Verified_chunks?

background - my set up is i backup to a local storage (in machine, on NTFS unfortunately), which i then copy to Wasabi. i decided to do a ‘full’ check using the check command with

-log check -storage local -chunks -a -tabular

and it failed after only 441 chunks. i then ran it with -persist and it found 10 chunks with errors out of about 100k. i can see the verified_chunks file but it was only updated during that previous failed run, it was never updated on the subsequent. shouldn’t it have been updated again? now running check again it is going to take another 2 hours, and that file still isn’t being updated.

what is the purpose of this file and how is it supposed to work?

as a follow up, a 3rd -persist run has finished also reporting 10 chunks corrupted, but it doesn’t say which ones?

Verified chunks will not be verified again. You can delete that file to have everything re-verified again.

As a side note, if you have to store backup to local disk at least enable erasure coding, while you work on setting up proper storage appliance with btrfs or zfs or, better yet, preparing to move to the cloud.

And definitely don’t copy from local single drive NTFS volume to wasabi; instead, backup to wasabi directly as second destination. If anything, it’s better to copy from wasabi to local drive — as wasabi guarantees data integrity; NTFS does not.

2 Likes

i couldn’t work out how to set this up (backing up to both local and wasabi). is it possible to set it up to have the same end result as backing up to local and then copying to wasabi (or vice versa)? that is what i wanted to do initially but i couldn’t work out how to do it.

can i not recover the corrupted chunks from wasabi which is supposed to be a copy of the local one?

Do you use command line duplicacy or web ui?

If the storage was created as bit-identical you can just copy those chunk files from there.

Otherwise — you can try deleting these chunks, then creating another local snapshot id in the same local storage and making initial backup. As part of that initial backup there is a chance that the files will be processed in the same way resulting in the same chunks; which will then be missing and re uploaded.

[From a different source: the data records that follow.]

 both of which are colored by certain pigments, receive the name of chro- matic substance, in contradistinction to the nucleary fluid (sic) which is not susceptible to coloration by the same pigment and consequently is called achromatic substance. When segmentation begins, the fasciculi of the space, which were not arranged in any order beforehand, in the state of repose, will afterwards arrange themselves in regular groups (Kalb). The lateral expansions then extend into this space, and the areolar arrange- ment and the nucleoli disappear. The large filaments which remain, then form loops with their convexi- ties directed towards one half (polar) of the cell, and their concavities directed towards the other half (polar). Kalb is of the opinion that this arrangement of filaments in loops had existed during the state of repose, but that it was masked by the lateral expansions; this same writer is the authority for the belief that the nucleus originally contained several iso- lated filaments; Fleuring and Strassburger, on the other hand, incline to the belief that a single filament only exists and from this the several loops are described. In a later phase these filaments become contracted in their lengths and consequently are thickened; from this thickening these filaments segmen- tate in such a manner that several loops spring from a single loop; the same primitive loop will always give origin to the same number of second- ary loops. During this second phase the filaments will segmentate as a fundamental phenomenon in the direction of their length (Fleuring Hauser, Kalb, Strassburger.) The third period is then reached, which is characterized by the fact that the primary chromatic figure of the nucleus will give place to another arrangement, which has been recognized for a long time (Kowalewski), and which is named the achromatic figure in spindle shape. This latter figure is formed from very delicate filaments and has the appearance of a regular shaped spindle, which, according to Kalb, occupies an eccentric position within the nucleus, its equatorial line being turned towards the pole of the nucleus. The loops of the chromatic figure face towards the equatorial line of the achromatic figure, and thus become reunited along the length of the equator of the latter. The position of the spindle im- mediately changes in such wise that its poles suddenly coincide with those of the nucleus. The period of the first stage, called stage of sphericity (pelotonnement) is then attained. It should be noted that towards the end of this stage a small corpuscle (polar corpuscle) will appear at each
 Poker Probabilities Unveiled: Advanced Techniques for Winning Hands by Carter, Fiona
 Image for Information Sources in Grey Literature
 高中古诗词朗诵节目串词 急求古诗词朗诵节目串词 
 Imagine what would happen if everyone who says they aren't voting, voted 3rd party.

Then you delete this second snapshot id and prune -exhaustive the datastore to get rid of new orphans.

Alternatively, after deleting corrupted chunks you can run check and delete snapshots that rely on those chunks, hoping that there would not many of them.

i’m using the web ui. this post says what i’m doing is the recommended approach:

i didn’t make it bit-identical. it’ll be a while before i can build an on-site NAS, so i guess i better use erasure coding. can i ‘replace’ the existing local storage by creating another copy-compatible with erasure coding enabled and then copying the existing local to it?

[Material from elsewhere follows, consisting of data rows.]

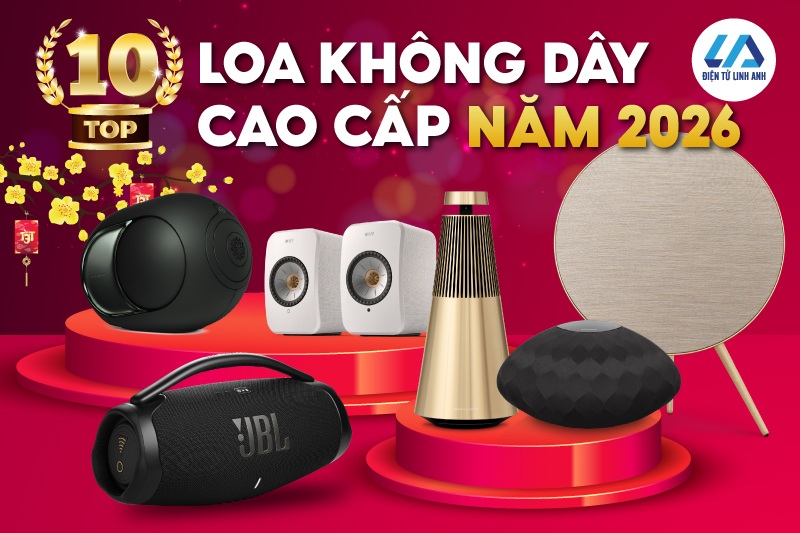 top 10 loa không dây cao cấp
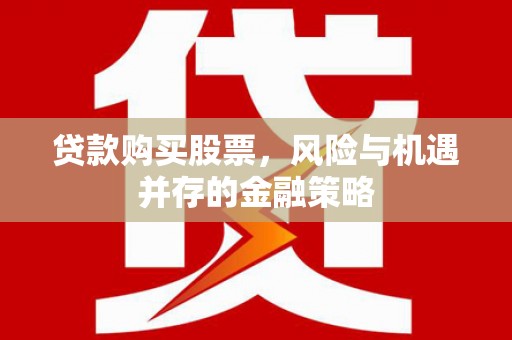 碌曲贷款购买股票，风险与机遇并存的金融策略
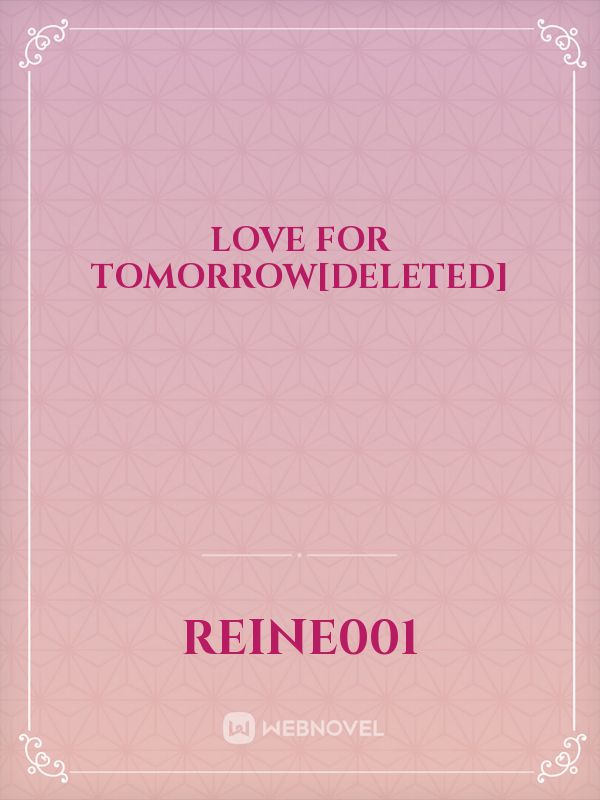 love for tomorrow[Deleted] Book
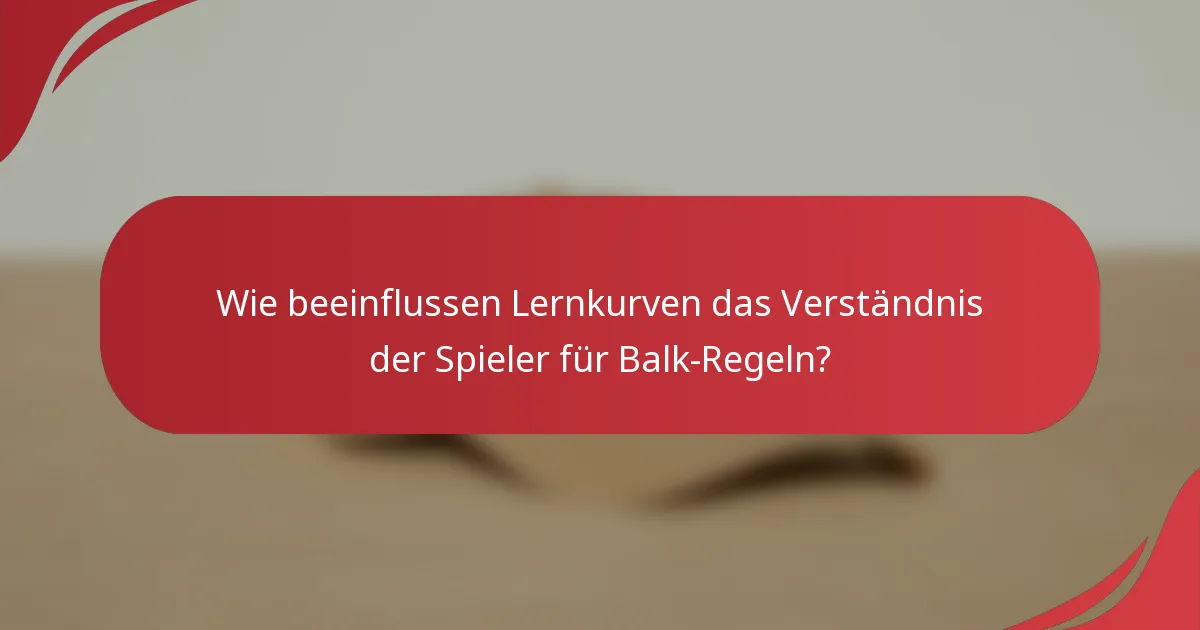Wie beeinflussen Lernkurven das Verständnis der Spieler für Balk-Regeln?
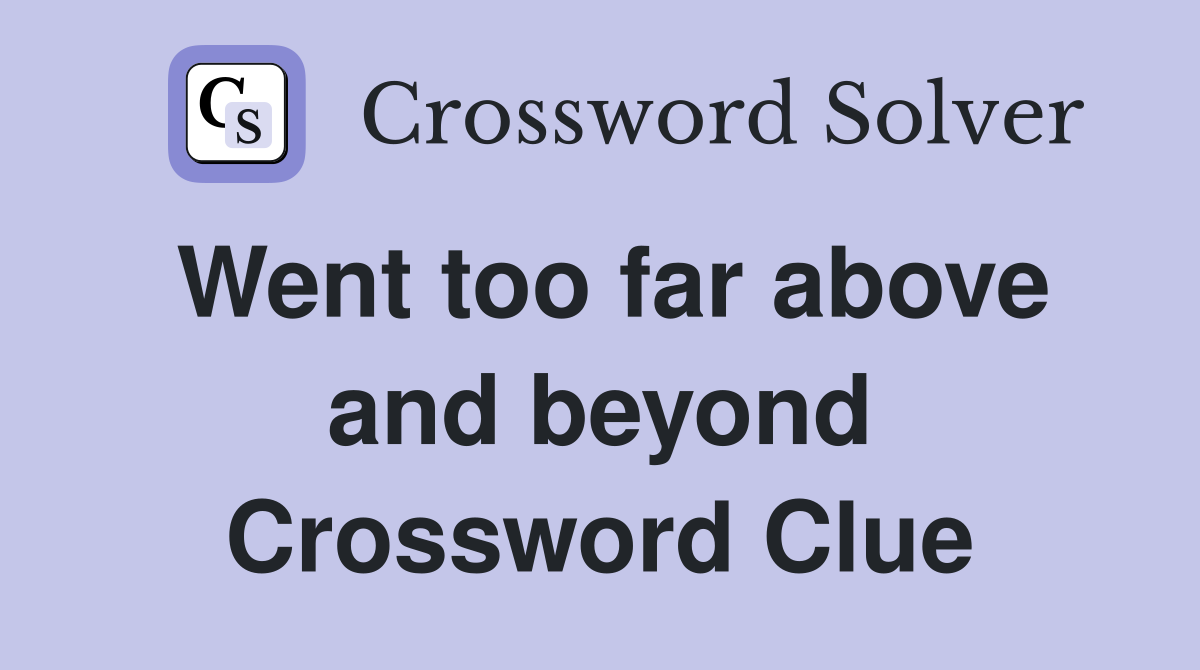 Went too far above and beyond Crossword Clue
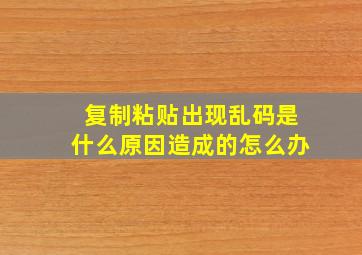 复制粘贴出现乱码是什么原因造成的怎么办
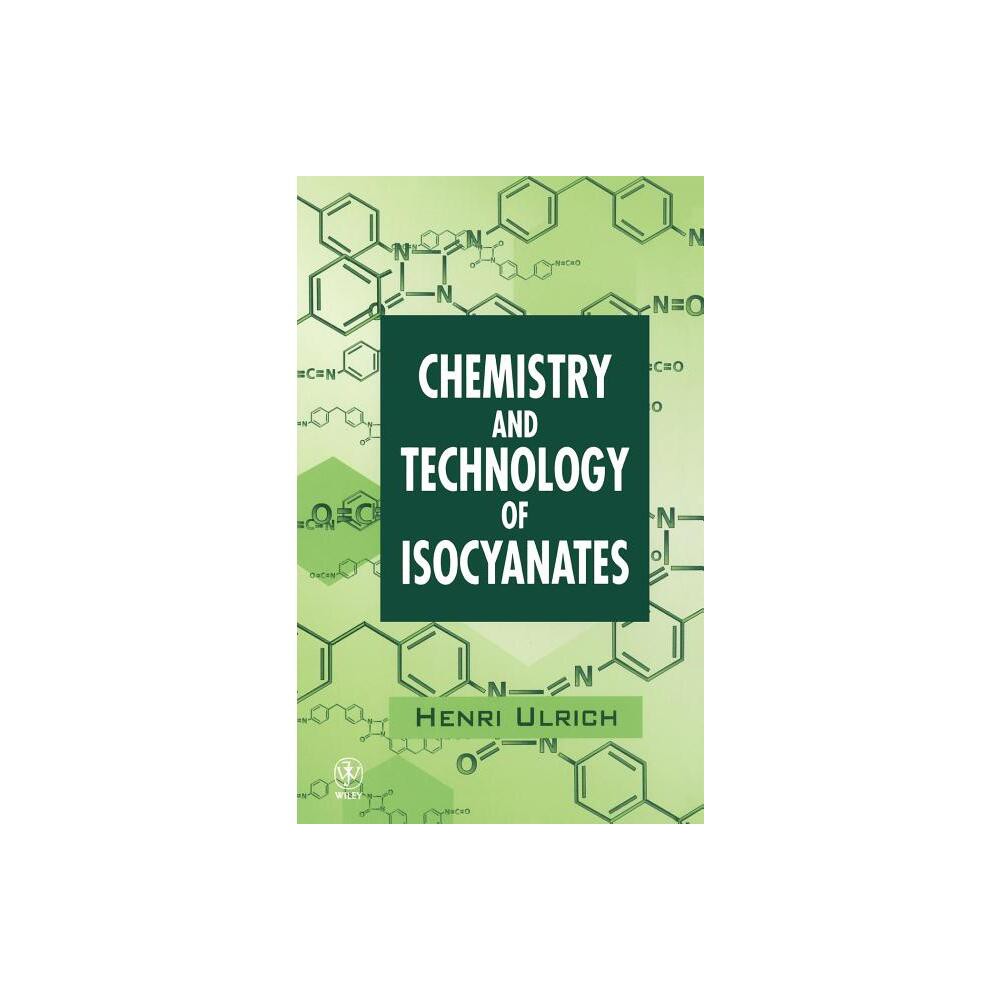 Chemistry and Technology of Isocyanates - by Henri Ulrich (Hardcover)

Yep you can do that - the option to do so is in the Web UI, when you create the new copy-compatible storage.

i was able to find the corrupted chunks in the log. i can restore a lot of them by deleting them and then running a new backup against a new snapshot id. is another option to delete a revision that references that chunk from the local storage, and then copy that revision back from cloud storage? will it detect that the chunks are missing and transfer them across?

You don’t need to delete the revision. You just need to delete corrupted chunks and then figure out which revisions reference these chunks (by running a check job). Then you can copy these revisions over from the other storage (if they are copy-compatible).

ok thanks. as it happens i was able to recreate the chunks by creating a new snapshot id (ie backup) and running the initial backup. if it happens again (hopefully not, i’ve converted the local storage to use erasure coding) i’ll try copying from the cloud storage. fwiw the could storage on Wasabi verified as fine (though it took 24 hours!)